You will notice a theme in the coming weeks of comfort and joyful foods that will hopefully brighten your day (as well as mine when I develop and make them) and help us through this darkest of Januarys.
I still find it mind boggling that only a year ago we had no idea what the last year would bring and our lives would turn out so differently. We’ve been lucky with work carrying on from home and schools doing a fantastic job of offering great education from home, but I know it hasn’t been so easy for many many others. People getting seriously ill, losing jobs, struggling with their mental health and opportunities disappearing out the window. It’s just all so sad; i don’t notice on a normal day but then you go into town and see everything shut and it dawns on you that the world is a different place to a few short months ago. Like everyone, I do so hope things get better and we can return to some kind of normality soon.
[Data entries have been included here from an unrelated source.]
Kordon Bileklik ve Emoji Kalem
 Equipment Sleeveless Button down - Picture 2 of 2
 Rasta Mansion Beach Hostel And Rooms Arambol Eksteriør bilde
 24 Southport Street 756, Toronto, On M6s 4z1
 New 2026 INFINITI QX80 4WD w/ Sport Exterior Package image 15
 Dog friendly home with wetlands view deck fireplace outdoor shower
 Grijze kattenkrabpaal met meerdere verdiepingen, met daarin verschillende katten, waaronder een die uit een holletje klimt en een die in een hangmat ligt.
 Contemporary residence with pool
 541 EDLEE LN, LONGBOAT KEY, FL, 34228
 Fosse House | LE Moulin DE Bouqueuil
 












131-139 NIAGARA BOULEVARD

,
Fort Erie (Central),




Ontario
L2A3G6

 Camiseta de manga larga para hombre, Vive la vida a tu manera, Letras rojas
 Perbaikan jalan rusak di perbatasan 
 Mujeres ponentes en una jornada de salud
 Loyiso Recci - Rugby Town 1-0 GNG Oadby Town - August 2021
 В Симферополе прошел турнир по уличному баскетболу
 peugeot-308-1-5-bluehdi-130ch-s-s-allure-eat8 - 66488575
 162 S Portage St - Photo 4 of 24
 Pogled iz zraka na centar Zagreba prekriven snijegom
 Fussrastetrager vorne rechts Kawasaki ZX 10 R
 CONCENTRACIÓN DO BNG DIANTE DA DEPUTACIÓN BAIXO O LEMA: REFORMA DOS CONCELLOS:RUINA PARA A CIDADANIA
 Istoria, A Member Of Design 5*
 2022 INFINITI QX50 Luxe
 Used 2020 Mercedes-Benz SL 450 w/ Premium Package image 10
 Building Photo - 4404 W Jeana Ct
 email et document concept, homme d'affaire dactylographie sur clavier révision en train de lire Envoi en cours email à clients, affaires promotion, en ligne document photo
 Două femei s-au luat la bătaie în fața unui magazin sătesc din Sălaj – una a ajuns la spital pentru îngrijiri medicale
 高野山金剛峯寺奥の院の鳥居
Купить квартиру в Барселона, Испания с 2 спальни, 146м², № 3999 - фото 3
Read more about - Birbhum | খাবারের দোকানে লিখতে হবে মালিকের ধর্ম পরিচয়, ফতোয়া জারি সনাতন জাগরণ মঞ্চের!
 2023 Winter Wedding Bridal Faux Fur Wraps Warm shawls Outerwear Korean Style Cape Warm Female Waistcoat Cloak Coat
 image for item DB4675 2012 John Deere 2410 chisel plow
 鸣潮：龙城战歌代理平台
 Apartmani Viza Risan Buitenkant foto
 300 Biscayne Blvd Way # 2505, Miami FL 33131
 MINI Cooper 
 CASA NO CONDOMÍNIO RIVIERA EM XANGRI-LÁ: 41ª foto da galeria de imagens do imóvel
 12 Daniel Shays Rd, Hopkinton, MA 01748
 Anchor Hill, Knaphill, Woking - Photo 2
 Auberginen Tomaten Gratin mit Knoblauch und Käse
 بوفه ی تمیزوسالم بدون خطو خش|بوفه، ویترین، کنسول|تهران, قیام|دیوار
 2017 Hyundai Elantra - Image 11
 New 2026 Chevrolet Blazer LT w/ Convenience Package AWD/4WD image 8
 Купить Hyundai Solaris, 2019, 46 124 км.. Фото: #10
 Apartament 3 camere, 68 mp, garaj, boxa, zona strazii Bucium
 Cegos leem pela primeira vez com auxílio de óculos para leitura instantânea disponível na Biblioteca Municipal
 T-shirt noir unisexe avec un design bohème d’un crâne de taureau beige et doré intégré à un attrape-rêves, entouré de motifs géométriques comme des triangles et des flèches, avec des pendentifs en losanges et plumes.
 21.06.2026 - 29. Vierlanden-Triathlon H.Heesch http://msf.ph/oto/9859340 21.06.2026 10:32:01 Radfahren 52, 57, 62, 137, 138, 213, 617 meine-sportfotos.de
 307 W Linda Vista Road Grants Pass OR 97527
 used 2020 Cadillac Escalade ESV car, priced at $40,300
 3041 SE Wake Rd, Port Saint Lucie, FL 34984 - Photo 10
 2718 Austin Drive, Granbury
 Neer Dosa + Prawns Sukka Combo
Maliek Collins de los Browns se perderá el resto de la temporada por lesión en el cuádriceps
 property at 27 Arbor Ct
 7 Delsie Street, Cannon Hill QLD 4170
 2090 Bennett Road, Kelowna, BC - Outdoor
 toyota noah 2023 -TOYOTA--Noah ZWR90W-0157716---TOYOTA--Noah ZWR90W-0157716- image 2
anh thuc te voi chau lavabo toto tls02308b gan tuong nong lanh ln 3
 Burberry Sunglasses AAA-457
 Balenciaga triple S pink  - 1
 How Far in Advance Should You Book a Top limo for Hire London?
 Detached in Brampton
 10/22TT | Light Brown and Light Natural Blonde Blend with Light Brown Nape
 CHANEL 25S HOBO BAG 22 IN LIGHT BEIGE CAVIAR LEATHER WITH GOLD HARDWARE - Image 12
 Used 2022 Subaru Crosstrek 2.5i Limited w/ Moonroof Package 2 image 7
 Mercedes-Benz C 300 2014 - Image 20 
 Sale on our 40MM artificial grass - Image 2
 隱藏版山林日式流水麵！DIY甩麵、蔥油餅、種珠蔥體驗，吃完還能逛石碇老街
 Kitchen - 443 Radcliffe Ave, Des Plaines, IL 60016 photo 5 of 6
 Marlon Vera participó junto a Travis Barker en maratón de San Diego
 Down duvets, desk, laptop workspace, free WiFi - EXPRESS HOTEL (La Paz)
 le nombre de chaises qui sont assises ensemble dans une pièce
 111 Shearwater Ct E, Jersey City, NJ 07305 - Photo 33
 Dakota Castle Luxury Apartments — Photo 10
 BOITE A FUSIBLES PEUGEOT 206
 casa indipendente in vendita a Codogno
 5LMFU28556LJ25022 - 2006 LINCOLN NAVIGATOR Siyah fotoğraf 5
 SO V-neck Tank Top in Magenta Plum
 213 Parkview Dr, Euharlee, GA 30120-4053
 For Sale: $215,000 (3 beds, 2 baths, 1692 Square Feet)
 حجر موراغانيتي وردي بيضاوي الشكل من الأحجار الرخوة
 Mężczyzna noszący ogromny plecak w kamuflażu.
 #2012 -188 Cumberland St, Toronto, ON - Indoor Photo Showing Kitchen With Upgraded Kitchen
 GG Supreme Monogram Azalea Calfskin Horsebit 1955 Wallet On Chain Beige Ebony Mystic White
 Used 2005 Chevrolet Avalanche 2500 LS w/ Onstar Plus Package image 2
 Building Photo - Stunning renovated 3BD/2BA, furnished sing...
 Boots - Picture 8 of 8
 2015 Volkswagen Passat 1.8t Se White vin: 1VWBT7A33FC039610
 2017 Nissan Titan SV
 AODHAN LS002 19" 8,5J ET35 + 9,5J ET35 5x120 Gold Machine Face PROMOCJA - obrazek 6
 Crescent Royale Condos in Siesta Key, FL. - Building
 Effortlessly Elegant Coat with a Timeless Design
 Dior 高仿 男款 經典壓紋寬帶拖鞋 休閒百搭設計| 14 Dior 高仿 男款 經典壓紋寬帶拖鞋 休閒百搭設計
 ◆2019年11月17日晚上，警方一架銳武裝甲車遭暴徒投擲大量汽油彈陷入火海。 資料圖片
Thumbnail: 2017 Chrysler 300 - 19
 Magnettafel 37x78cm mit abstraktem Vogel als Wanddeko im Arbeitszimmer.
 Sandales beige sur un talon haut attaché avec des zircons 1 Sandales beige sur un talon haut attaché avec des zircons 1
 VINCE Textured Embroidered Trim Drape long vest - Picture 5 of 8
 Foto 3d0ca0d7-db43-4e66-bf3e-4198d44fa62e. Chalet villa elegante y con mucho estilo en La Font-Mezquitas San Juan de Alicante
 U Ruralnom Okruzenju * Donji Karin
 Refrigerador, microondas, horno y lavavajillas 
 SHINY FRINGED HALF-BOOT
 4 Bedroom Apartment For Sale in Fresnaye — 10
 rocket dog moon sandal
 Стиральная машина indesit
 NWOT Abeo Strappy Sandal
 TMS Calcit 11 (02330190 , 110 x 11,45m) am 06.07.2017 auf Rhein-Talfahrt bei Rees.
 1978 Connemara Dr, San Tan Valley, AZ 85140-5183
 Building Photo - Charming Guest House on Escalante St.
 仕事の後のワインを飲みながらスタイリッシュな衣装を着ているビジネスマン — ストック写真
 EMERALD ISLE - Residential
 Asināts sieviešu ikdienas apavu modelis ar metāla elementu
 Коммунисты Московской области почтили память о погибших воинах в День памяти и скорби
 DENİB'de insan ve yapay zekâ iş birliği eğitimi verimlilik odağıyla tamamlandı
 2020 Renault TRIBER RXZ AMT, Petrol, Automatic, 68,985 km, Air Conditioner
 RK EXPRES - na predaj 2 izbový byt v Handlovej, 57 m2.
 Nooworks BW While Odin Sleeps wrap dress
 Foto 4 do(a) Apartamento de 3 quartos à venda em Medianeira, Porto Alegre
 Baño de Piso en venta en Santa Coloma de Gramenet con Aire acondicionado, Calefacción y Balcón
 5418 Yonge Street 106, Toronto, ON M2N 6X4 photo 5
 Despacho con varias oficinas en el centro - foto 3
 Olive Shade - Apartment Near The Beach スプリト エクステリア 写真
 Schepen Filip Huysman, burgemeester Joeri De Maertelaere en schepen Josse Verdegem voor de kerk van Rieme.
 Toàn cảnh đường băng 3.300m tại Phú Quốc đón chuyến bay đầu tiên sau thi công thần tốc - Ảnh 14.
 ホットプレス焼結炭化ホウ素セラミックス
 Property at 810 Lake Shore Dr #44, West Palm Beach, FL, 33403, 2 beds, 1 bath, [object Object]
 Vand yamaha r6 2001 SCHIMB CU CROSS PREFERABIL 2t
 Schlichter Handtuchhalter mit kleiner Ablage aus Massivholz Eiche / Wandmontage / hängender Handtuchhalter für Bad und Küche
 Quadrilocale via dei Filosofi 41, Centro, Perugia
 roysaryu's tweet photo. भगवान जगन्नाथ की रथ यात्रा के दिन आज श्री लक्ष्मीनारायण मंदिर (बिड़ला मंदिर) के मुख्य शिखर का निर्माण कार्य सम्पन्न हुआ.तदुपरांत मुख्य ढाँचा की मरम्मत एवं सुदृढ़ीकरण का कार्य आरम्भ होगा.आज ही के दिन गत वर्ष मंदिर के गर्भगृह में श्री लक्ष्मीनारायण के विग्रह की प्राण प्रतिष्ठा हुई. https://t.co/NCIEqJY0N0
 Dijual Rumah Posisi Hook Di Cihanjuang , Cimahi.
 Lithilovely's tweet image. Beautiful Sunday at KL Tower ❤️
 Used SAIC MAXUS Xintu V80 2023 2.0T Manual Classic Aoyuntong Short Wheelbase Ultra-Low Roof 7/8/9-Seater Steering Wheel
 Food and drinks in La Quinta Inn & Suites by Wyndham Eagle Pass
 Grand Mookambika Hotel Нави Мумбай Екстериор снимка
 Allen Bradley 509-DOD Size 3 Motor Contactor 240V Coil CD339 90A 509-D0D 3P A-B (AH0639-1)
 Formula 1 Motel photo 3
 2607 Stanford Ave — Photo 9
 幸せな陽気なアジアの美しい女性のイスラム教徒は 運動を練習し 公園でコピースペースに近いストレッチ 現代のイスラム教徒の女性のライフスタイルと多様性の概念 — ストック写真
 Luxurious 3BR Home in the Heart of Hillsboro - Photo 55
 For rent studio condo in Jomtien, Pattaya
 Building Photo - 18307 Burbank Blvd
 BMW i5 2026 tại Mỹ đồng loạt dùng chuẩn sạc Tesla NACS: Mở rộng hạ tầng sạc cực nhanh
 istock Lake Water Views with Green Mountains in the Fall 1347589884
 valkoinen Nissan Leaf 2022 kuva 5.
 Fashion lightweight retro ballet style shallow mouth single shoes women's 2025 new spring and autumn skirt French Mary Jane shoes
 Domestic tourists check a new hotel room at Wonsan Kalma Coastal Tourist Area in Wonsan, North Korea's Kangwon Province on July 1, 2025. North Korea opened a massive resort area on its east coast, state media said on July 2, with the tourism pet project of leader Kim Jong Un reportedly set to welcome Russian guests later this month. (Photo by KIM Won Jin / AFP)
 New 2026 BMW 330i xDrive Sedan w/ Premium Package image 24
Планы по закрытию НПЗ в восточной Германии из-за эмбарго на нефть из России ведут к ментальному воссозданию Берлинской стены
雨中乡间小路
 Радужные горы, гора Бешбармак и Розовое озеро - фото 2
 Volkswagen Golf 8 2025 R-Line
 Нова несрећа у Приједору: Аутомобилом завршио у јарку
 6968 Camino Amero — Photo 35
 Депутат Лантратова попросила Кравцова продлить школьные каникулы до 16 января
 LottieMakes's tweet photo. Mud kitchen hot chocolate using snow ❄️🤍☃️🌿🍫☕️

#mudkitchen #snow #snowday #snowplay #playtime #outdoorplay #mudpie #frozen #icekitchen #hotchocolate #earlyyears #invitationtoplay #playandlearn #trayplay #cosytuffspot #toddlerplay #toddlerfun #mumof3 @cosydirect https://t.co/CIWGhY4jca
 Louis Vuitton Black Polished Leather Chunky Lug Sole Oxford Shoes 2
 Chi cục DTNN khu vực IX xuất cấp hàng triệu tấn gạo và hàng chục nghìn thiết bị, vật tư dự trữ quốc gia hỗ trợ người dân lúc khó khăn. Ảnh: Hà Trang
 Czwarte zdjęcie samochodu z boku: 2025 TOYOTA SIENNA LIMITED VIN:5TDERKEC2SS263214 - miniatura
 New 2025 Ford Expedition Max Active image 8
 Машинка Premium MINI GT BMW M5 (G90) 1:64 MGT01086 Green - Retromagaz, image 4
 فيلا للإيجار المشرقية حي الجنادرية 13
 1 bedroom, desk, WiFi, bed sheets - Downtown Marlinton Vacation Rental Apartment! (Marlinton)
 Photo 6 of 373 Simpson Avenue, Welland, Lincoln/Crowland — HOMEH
But in the meantime, what we need is serious comfort food; a great big hug on a plate! Surely a Tart Tatin, with it’s crisp and flaky base topped with delicious caramel and juicy fruit must be the epitome of feel good food.

I think people presume a Tart Tatin is difficult to make but it’s so easy and you only need a few ingredients to make a delicious drool-worthy tart. Apparently created by a happy mistake, the beauty of a good tart Tatin is that a little bit of scruffiness only adds to the appeal. A normal Tart Tatin is laden with butter but you really wouldn’t notice the difference with my friendly version.

Pear Tart Tatin

(dairy-free, egg-free, nut-free, soya-free, sesame-free, vegetarian and vegan)

serves 4-6

100g caster sugar

30g dairy-free margarine

1/4 tsp cinnamon

2 pears, peeled , cored and cut into 12 wedges each

1/2 pack dairy-free puff pastry (about 250g)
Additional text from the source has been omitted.